The problem - Working from the top of the records below, reproduce each line exactly, ending once you have written the line containing "Courtyards lie at".

START Provided entries

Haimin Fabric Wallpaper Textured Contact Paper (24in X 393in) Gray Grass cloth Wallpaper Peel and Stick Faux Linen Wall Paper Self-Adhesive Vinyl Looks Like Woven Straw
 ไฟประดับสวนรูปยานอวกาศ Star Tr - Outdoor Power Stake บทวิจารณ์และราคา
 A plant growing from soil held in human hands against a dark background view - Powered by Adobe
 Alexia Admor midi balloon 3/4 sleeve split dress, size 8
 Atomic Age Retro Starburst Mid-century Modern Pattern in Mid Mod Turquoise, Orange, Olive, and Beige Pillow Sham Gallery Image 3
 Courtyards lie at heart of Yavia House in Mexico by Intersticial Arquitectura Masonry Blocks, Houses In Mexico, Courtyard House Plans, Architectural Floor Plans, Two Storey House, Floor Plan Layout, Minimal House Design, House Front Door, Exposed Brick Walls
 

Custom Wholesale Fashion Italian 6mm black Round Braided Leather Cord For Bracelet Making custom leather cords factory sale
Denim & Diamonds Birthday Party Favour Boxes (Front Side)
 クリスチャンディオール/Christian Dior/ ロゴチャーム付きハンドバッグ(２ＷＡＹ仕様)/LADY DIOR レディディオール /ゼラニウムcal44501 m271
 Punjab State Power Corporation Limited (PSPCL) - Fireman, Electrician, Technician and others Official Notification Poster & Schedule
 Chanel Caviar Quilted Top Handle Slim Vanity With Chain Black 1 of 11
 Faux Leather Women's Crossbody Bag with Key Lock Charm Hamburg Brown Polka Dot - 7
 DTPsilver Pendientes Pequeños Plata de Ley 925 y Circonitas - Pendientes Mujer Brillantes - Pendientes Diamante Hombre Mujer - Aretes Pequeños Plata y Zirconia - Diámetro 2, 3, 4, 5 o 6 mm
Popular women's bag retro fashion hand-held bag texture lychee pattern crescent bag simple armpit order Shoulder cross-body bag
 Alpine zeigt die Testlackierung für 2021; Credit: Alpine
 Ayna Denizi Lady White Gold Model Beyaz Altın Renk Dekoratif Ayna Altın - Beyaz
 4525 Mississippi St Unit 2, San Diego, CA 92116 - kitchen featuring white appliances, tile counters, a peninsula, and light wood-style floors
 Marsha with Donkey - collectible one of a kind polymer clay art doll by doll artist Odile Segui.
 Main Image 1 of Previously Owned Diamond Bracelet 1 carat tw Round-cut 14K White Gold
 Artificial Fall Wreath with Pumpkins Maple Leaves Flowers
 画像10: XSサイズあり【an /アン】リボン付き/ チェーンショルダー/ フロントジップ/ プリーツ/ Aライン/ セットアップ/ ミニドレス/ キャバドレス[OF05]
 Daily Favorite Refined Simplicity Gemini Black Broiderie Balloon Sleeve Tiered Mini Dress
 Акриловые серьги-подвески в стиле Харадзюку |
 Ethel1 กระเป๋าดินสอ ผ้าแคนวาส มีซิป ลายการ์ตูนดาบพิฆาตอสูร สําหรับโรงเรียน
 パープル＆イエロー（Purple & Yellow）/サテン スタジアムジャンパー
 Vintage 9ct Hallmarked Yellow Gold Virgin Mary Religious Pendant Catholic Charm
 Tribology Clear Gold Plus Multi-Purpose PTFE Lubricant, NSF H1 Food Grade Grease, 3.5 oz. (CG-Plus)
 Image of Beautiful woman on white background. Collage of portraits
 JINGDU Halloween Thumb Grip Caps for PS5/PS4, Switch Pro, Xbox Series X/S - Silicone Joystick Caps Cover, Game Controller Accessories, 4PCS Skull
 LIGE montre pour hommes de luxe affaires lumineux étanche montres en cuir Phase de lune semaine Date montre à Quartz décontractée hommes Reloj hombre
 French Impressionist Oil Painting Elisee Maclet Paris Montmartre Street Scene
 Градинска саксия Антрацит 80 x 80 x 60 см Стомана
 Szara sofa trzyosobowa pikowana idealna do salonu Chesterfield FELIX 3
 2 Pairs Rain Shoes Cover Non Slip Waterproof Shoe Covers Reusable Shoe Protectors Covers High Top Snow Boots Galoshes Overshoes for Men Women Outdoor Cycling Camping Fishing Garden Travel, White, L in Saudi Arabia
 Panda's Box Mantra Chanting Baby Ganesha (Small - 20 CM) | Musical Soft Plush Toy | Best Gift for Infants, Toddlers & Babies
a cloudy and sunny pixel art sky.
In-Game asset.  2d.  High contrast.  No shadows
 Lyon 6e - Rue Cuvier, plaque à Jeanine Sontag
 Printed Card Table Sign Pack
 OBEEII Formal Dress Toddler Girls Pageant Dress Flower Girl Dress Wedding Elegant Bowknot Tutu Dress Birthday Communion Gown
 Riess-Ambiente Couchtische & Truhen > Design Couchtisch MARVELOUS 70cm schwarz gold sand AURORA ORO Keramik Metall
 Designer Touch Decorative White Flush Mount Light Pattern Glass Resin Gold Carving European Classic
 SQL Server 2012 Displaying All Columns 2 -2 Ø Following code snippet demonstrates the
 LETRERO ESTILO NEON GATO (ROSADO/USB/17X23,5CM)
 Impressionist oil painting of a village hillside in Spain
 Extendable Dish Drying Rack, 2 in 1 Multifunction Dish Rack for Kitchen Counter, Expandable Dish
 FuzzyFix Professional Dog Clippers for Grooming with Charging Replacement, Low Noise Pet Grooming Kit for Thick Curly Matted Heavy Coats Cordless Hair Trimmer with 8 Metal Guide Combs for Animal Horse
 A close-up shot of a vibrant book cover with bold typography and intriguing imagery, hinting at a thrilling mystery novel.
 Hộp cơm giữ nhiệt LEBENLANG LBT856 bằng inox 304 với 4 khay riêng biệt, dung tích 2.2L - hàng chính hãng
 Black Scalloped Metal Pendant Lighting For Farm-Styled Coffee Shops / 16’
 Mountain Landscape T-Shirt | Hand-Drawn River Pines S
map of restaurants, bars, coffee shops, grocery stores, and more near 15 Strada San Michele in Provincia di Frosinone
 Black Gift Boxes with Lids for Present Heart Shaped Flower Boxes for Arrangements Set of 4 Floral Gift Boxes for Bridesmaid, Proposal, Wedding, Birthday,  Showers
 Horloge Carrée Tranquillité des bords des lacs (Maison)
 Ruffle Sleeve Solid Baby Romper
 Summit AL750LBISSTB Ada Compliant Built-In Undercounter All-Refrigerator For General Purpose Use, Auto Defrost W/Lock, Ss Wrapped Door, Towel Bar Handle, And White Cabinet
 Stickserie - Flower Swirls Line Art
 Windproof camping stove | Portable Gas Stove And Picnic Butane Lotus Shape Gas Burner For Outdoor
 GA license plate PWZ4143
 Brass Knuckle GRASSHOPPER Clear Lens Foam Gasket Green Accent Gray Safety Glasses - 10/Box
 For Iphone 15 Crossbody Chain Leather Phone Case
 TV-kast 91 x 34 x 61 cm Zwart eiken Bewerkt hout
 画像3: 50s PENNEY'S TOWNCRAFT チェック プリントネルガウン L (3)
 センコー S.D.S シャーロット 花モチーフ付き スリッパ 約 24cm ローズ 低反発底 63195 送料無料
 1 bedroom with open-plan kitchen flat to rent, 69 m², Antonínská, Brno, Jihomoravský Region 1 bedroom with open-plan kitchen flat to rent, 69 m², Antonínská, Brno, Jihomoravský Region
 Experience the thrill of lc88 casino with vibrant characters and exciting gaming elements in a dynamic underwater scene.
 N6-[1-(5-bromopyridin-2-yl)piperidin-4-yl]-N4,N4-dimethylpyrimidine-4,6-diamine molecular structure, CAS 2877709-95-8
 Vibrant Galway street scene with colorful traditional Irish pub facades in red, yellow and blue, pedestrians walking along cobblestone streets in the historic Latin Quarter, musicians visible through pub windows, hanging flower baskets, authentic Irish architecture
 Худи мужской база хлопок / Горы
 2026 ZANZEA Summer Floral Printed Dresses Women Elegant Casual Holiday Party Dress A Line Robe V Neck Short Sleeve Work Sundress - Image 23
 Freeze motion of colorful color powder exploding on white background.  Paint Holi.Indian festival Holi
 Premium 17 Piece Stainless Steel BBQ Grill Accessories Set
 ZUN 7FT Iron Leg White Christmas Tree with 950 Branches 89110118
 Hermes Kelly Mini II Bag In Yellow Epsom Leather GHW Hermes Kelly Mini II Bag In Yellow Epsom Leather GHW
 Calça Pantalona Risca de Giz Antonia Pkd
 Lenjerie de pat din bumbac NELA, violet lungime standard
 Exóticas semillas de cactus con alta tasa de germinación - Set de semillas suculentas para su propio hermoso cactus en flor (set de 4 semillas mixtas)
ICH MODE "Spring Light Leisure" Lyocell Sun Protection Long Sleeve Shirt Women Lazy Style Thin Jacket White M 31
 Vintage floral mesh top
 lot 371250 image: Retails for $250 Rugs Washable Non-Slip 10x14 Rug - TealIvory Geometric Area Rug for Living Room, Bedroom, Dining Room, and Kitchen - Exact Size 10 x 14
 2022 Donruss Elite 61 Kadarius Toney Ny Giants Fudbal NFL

END Provided entries

Response below -
Haimin Fabric Wallpaper Textured Contact Paper (24in X 393in) Gray Grass cloth Wallpaper Peel and Stick Faux Linen Wall Paper Self-Adhesive Vinyl Looks Like Woven Straw
 ไฟประดับสวนรูปยานอวกาศ Star Tr - Outdoor Power Stake บทวิจารณ์และราคา
 A plant growing from soil held in human hands against a dark background view - Powered by Adobe
 Alexia Admor midi balloon 3/4 sleeve split dress, size 8
 Atomic Age Retro Starburst Mid-century Modern Pattern in Mid Mod Turquoise, Orange, Olive, and Beige Pillow Sham Gallery Image 3
 Courtyards lie at heart of Yavia House in Mexico by Intersticial Arquitectura Masonry Blocks, Houses In Mexico, Courtyard House Plans, Architectural Floor Plans, Two Storey House, Floor Plan Layout, Minimal House Design, House Front Door, Exposed Brick Walls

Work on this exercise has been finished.